De toda a memória somente vale
o dom esclarecido de evocar os sonhos
Antônio Machado
Caedmon deve sua fama, que perdurará, a razões alheias ao gozo estético. A gesta de Beowulf é anônima; Caedmon, em contrapartida, é o primeiro poeta anglo-saxão, por conseguinte inglês, cujo nome foi conservado. No Êxodo e nas Linhagens dos Apóstolos, a nomenclatura é cristã, porém o sentimento é gentio; Caedmon é o primeiro poeta saxão de espírito cristão.

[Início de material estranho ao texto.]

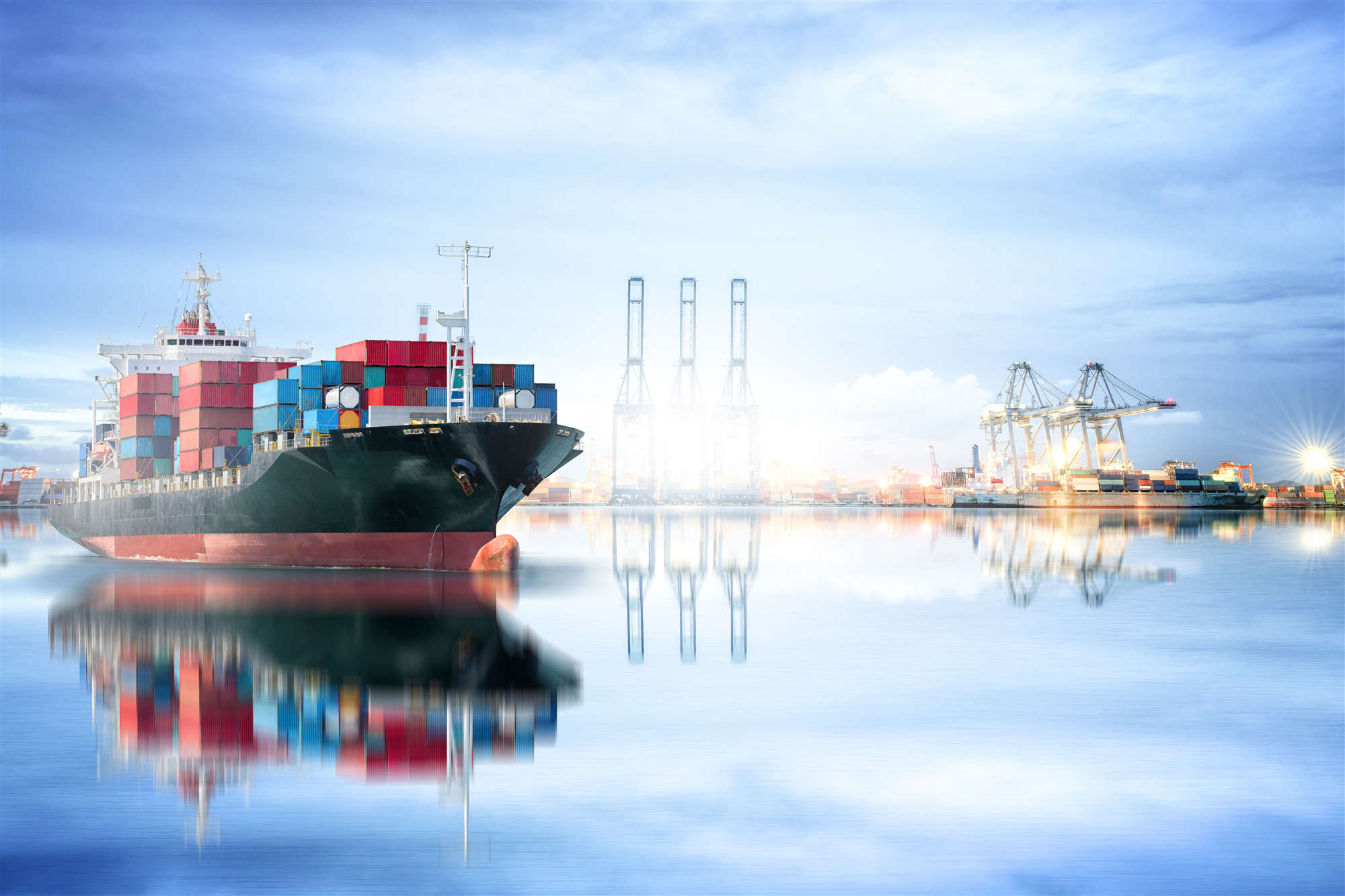 青島港到鹿特丹港海運(yùn)集裝箱 整柜出口報(bào)關(guān)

A estas razões, deve-se acrescentar a curiosa história de Caedmon, tal como a ela se refere Beda o Venerável no quarto livro de sua História Eclesiástica: No mosteiro desta abadia (a abadia Hilde de Streonshalh) houve um irmão honrado pela graça divina, porque costumava compor canções que levavam à piedade e à religião. Tudo o quanto aprendia de homens versando nas sagradas escrituras, vertia em linguagem poética com a maior doçura e fervor. Muitos, na Inglaterra, o imitaram na composição de cantos religiosos. O exercício do canto não lhe tinha sido ensinado pelos homens ou por meios humanos; havia recebido ajuda divina e sua faculdade de cantar derivava diretamente de Deus. Por isso não compôs canções fingidas ou ociosas. Este homem havia vivido no mundo até alcançar uma idade avançada, e não tinha sabido nada de versos Costumava participar de festas nas quais se havia decidido que, a fim de que se incentivasse alegria, todos cantariam, uns depois dos outros, acompanhando-se com harpa, e cada vez que as harpas se aproximavam dele, Caedmon se erguia envergonhado e voltava para casa. Uma vez abandonou o local da festa e foi para os estábulos, porque lhe haviam recomendado cuidar dos cavalos naquela noite.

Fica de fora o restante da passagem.